Binnen de welzijnssector verschillende werkvelden onderscheiden, zoals de gehandicaptenzorg, psychiatrie, verslavingszorg, opvang van asielzoekers, daklozenopvang en jeugdzorg. Welzijnswerkers zijn daarbij bijvoorbeeld werkzaam als begeleider gehandicaptenzorg, thuisbegeleider of agogisch begeleider.
Alle zorgverleners in het welzijnswerk richen zich op een gemeenschappelijk doel: zorgen dat mensen die dit niet zelfstandig kunnen, zoveel mogelijk mee kunnen doen in de maatschappij.
Een begeleider gehandicaptenzorg richt zich op de begeleiding en verzorging van cliënten met een verstandelijke, lichamelijke, zintuigelijke of meervoudige beperking. Binnen de gehandicaptenzorg zijn er verschillende functies en beroepen. Een beroepskracht richt zich veelal op de ondersteuning bij het leven met een beperking, het behouden en vergroten van de eigen regie, het bevorderen van de kwaliteit van leven en het voorkomen van ongemakken. De begeleiding kan plaatsvinden in een instelling, woongroep, school, dagbesteding of werkplaats van de cliënt.
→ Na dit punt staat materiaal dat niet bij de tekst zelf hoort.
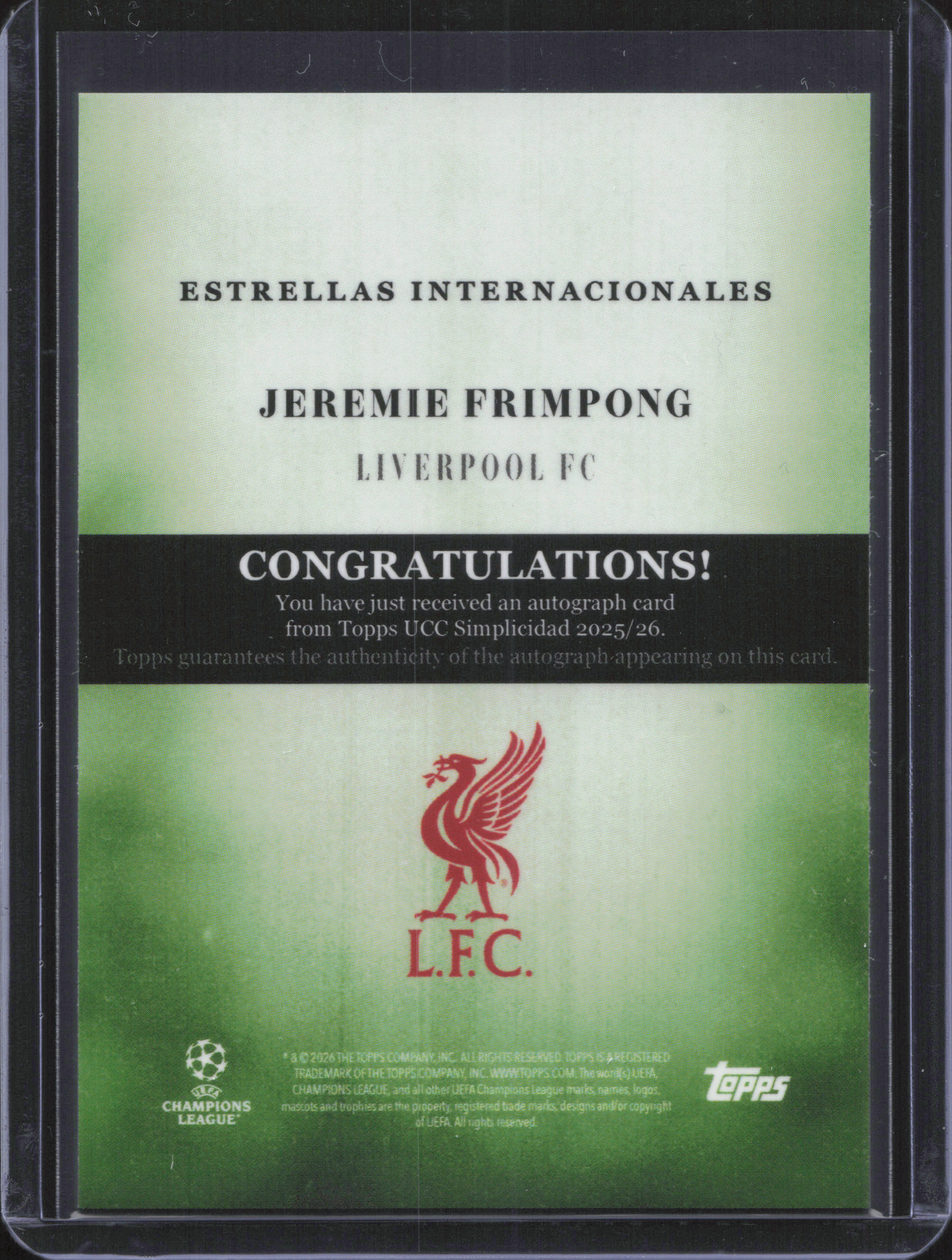 Jeremie Frimpong Autograph Numbered /75 Topps Simplicidad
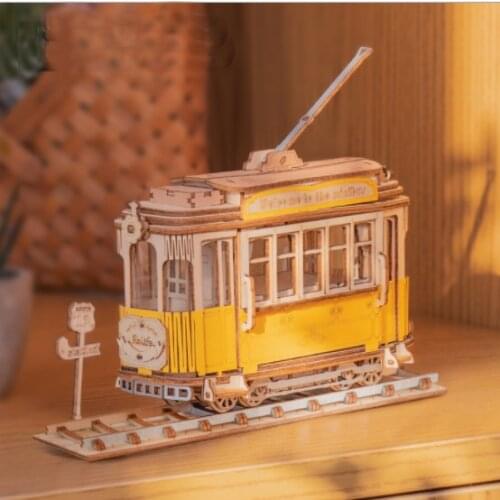 Handmade gift 3d three-dimensional puzzle childrens diy wooden assembly model desktop decoration classic car tram gift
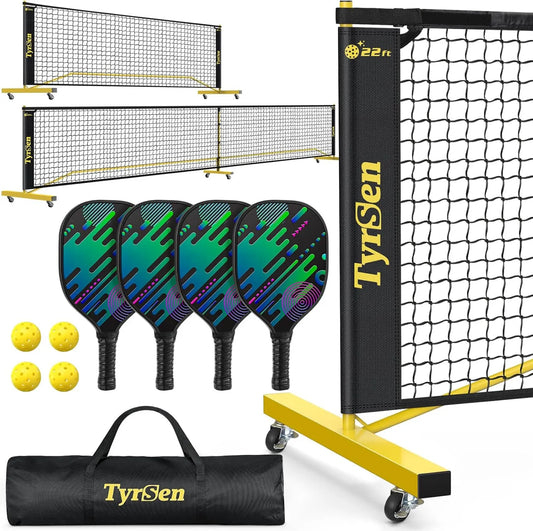 Pickleball-Netz, mobiles Netzsystem, leicht transportierbar, mit Rollen, mit Transporttasche, mit Netz, 3,9 m, 6,9 m, 4 Bälle, für Garten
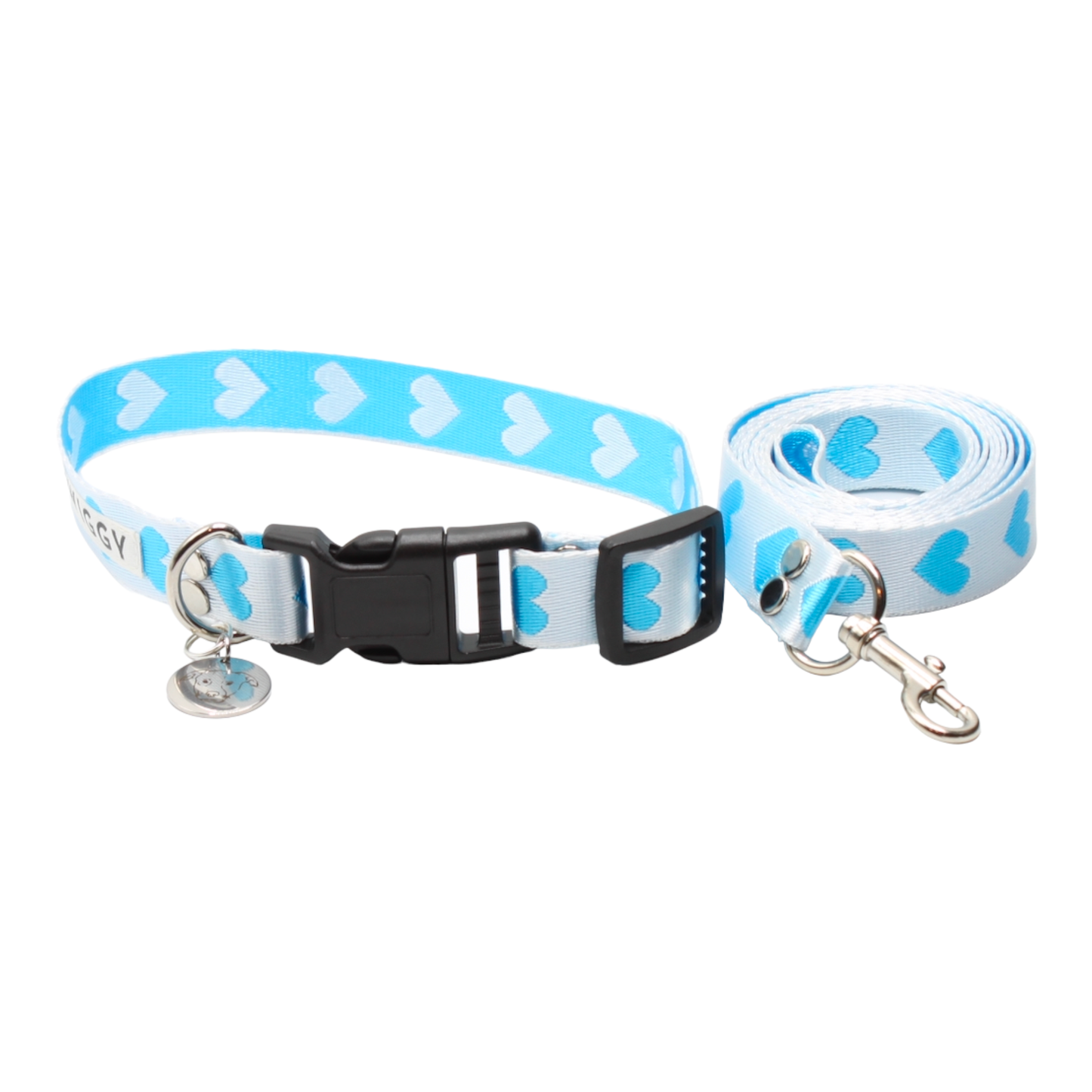 collier laisse chien boucle plastique coeurs bleu saint-valentin twiggy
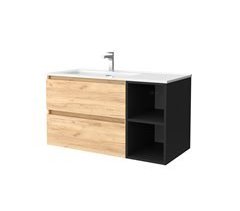 Mueble de baño 2 cajones y 2 huecos - Lavabo integrado 100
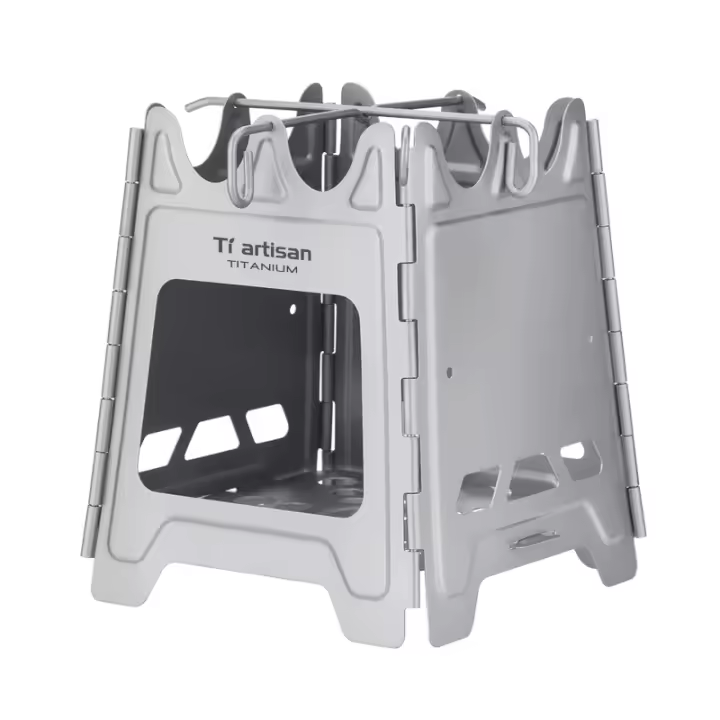 Estufa De Camping Tiartisan De Titanio Puro Y Acero Inoxidable Diseño De Resorte Plegable Para Madera Portátil Con Hogar Grill - 1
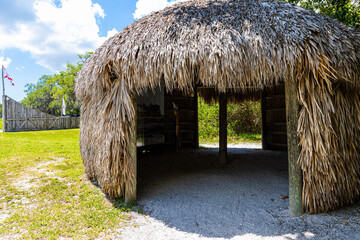 Thatch Hut Interpretive Center at De Soto National Memorial, Bradenton, Florida,  USA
Thuisbegeleiders bieden hulp aan volwassenen met psychosociale of psychiatrische problemen, of aan gezinnen met meervoudige problemen. Er vallen veel verschillende doelgroepen onder deze begeleiding. De thuisbegeleider komt bij cliënten thuis en begeleidt hen door structuur aan te brengen in dagelijkse bezigheden en te ondersteunen bij de opvoeding van eventueel aanwezige kinderen.
Agogisch medewerkers bieden begeleiding aan cliënten met psychische of psychiatrische
ziektebeelden of stoornissen, zoals asielzoekers, drugsverslaafden en moeilijk opvoedbare kinderen. Vaak hebben cliënten problemen op meerdere levensgebieden. Door middel van ondersteuning bij het herstelproces en het vergroten van de zelfredzaamheid en zelfstandigheid probeert een agogisch medewerker zijn cliënt deel te laten nemen aan de maatschappij. Dit vraagt om samenwerking met en ondersteuning van de omgeving. De begeleiding vindt dan ook zo veel mogelijk in de eigen omgeving van de cliënt plaats. Alleen als de cliënten een gevaar voor zichzelf of anderen vormen, kan opname in een instelling of begeleide woonvorm niet voorkomen worden. Dit gebeurt niet altijd vrijwillig.